This opposing track, as alluded to by Rawson, is the custom surfboard. Unlike almost any other activity, surfing is one of the few pursuits where the average practitioner can still get a one-of-one, hand-made tool for a specific purpose. Despite being pushed to the fringes by mass production, this vital and vibrant cottage industry is sustained by work going on in backyards, garage bays, and glass shops around the globe. The strangest fact about our custom industry, which includes the collective intelligence of generations of shaper-designers, might be that in many cases, if not most, the custom approach attracts a discount, not a premium. You cut out the middleman and deal directly with the shaper. A lower price point follows.
Aside from a ten-year period during and after the Shortboard Revolution, which led to the hegemony of the thruster, quiver theory and reality have never been more diverse and more complex than they are today. The major difference now, however, is that modern understanding allows us to reverse engineer shapes and designs that were left on the vine in that first frenzy of discovery.
Quivers can now be adjusted for a specific place, approach, state of mind, and stage of life. Crowds might be a fly in the ointment in most surfers’ daily reality, but in terms of the development of tools to ride natural and even man-made waves, we’ve never had it so good. In the words of Rawson, “It’s a great time for design.”

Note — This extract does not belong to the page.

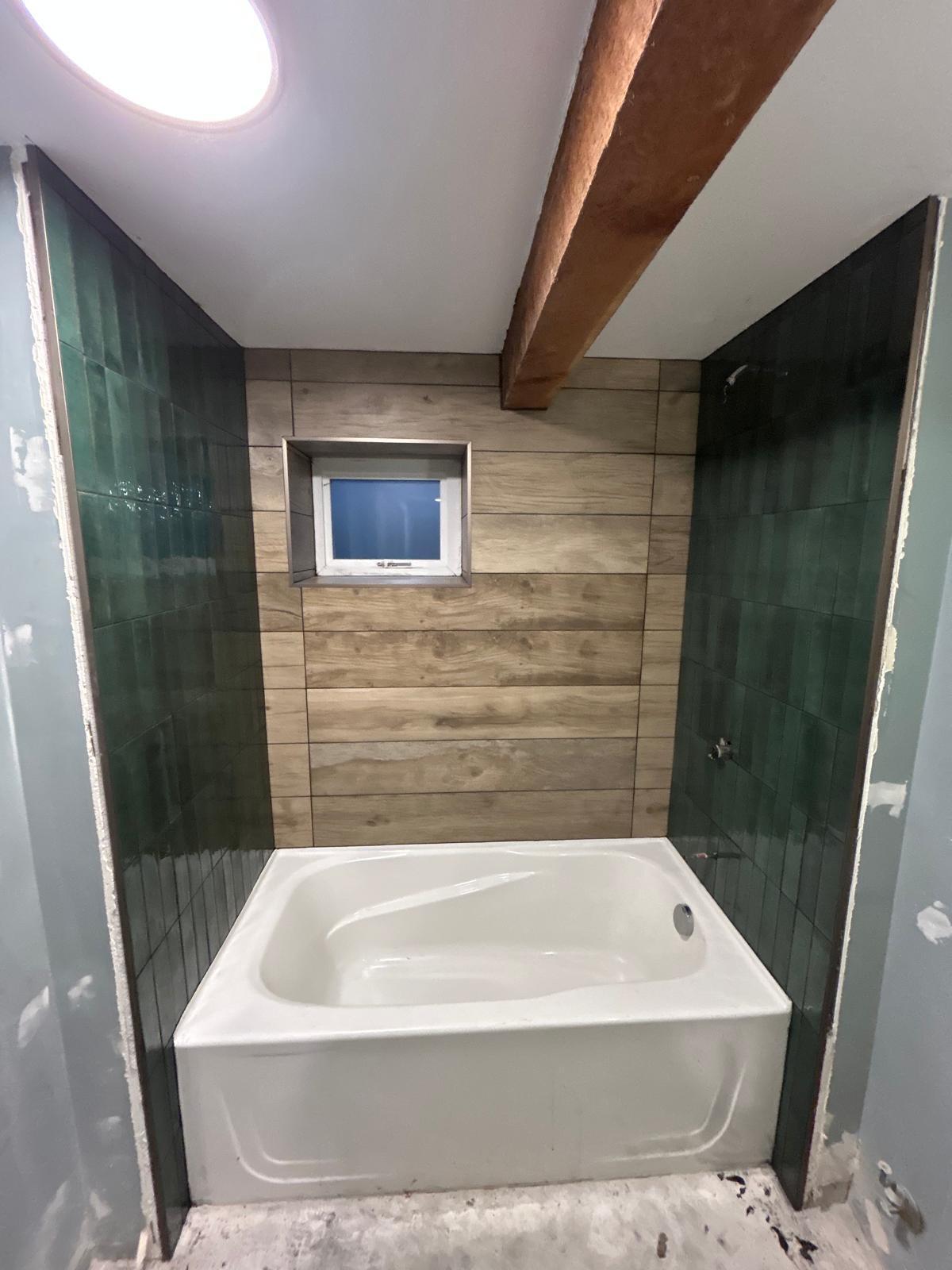 Wood plank tub green subway beam ceiling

What follows are several shapers’ opinions on what constitutes a pared-back, two-board quiver, drawn mostly from the custom side of the surfboard building equation. Some suggestions are for specialists, while some come from generalist starting points and templates. All offer insight into customizing and fine-tuning a minimalist board selection for different ability levels and wave types. Obviously, a certain shaper’s board choices will reflect the region in which he shapes. The East Coast of Australia, dragon slayers for South Pacific caverns, and high-performance speed rockets for J-Bay walls are discussed. Sleds built for California and time-honored selections for Hawaii also get a run.
What stands out is the variance of the “modern” surfboard from shape to construction, to both the casual observer and the critical eye. Beyond the industry standard of coupling and marketing state-of-the-art designs to professional surfer’s performances, there’s an incredible richness of ecosystem for every surfer to wander through.
1. Experimentalist Offerings
Bryan Bates
Byron Bay, New South Wales
The East Coast of Australia remains a rewarding surf destination, especially for those with time on their hands. Anyone and everyone, from a 20 year old on their first road trip to a 50 year old in recovery mode from divorce, can find sanctuary in the nooks and crannies north and south of the hyper-crowds of Sydney and the Gold Coast. Numerous custom shapers found in regional centers and bush nooks offer freedom to stray from high- performance models.
After fleeing the wet, cold winters and onshore winds of Oregon, Bryan Bates now runs a one-man, start-to-finish custom surfboard building operation in Byron Bay. He developed his style and techniques of board building under the wing of North Shore underground shaper Cort Gion. “He took me on as a polisher in Florence, Oregon,” says Bates. “There were no glassing shops there, so if you wanted a fin, you had to make a fin. If you wanted to shape a board, you had to glass it. Cort had a really unique, individualized style and way of doing things. He was very critical, very old school. It wasn’t exactly good for my self-esteem, but he really pushed me to make sure I was paying attention and learning the lessons that were there.”
Bates’ two-board quiver starts with a single-fin. “For most people, their turns aren’t that tight and vertical,” he says. “Single-fins are really appropriate for what they are going to do. I’ve been toying with a concept that engages a hull entry feeding into a slight single concave with a rounded pintail. It has a really down, fine rail at the back. The board can be surfed from the front and has that beautiful hold where it’s ‘steerable’ and it starts to sing if there’s a bit of a wall. When you step back, you’ve also got this powered up single concave under the back foot and a fine, edgy rail that makes it feel alive and ‘on.’ It’s got a real, responsive shortboard energy—you throw it into a turn and it’s right there.”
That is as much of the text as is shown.